# What about tax reform?



## Robert A. Langager (Feb 22, 2002)

Ok, let's try something new here. Hopefully we can keep it on topic.

I, for one, am all for reforming the tax code. It is too convoluted, complicated, and burdensom. How should it be reformed though? It definitely can be simplified, which, in turn, should result in cost savings for the tax payers and the government.

What are the options though? National sales tax? Can it work? Flat tax?

I admit that I am ill-informed of the options here and have been trying to bone-up.

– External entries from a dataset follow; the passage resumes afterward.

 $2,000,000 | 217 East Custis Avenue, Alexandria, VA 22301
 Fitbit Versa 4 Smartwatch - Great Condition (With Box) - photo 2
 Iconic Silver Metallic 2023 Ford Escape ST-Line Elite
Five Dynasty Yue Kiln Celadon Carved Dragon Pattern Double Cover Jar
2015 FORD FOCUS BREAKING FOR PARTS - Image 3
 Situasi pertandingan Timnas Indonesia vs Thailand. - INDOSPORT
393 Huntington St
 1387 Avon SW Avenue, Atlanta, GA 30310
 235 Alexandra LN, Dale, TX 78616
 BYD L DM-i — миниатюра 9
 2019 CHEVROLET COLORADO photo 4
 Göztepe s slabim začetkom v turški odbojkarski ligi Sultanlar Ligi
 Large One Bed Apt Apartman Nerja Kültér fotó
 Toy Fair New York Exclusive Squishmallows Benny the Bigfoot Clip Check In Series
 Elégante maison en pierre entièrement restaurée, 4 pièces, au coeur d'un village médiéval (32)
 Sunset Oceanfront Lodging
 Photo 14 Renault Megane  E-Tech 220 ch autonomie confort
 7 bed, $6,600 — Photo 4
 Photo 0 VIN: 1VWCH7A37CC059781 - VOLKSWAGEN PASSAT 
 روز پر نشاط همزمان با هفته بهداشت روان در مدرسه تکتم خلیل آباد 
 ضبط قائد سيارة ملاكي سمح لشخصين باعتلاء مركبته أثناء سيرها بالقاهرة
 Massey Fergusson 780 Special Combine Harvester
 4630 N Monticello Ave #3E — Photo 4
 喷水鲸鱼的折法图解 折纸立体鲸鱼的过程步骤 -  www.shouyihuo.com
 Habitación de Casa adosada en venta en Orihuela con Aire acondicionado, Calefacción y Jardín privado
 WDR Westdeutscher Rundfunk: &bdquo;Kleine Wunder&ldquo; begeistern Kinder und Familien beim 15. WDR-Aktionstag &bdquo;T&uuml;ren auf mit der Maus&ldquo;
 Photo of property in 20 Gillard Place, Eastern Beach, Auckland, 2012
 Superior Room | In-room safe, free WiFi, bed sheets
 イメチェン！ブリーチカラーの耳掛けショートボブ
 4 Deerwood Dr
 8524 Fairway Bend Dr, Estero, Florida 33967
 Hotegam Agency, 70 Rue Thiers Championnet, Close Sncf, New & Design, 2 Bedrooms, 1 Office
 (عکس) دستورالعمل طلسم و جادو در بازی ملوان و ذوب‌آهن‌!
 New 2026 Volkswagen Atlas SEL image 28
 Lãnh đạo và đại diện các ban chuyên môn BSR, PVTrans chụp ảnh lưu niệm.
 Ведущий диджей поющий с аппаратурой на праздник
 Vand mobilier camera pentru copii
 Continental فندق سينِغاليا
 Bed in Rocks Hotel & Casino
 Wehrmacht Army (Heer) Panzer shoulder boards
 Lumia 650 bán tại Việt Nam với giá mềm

Tax reform is likely to be politcally popular amongst many voters, regardless of right or left. It just depends on which direction the administration wants to take it. There is much that has yet to be seen. But, how would you like to see it done?

RC
Looking for ideas from both sides. Try to discredit that.


----------



## Bobm (Aug 26, 2003)

If everyone understood fair tax .org they would be looking any further check it out. I posted a explanation of the high points on the thead about it. Its a non-partisan approach that has bi partisan support. It will take spending some time reading it to understand it.


----------



## Robert A. Langager (Feb 22, 2002)

I've been reading there too. It is a lot to digest. Slowly but surely. Must be informed.

RC


----------



## esox (Nov 8, 2004)

1. Eliminate all tax on income, (and the I. R. S.). User fees only such as a national sales tax at the retail level and only on new goods, not used.
2. According to the Constitution, Congress is to coin all money. Notice it says "coin", not print. This should be loaned to the banks and the interest deposited in the U.S. Treasury to be used for defense, law enforcement, and infrastructure, nothing else. Let private enterprise deliver the mail and send buckets of nuts and bolts to Mars to find out if there was water there or not. With no tax on income, people would have plenty of money to purchase their own health insurance and fund their own retirements and each would be much higher quality. Since 1913, the Federal Reserve, ( a group of private bankers, there is nothing federal about it), has printed monopoly money, charged the banks interest to use it, and put the interest fees in their pockets. Notice what it says on a paper bill, "Federal Reserve Note". A note always entails debt. The Federal Reserve literally "rents" paper to us. The inevitable inflationary effects have been staggering.
This has for the most part been the norm in U.S. history. The Brits lost the Rev. War but have since controlled our currency. Three presidents have tried to correct this. Andrew Jackson was the first. The U.S. Treasury then had a surplus that was returned to the states via, canals, harbors, bridges, roads, etc. Shortly after his death the central bank regained control. Two presidents have since tried to correct this, Abe Lincoln and J.F.K.
3. Taxes and tariffs on imports. This would prevent foreign dumping and keep imports competitive with goods manufactured in this country. This would also eliminate most, if not all, outsourcing.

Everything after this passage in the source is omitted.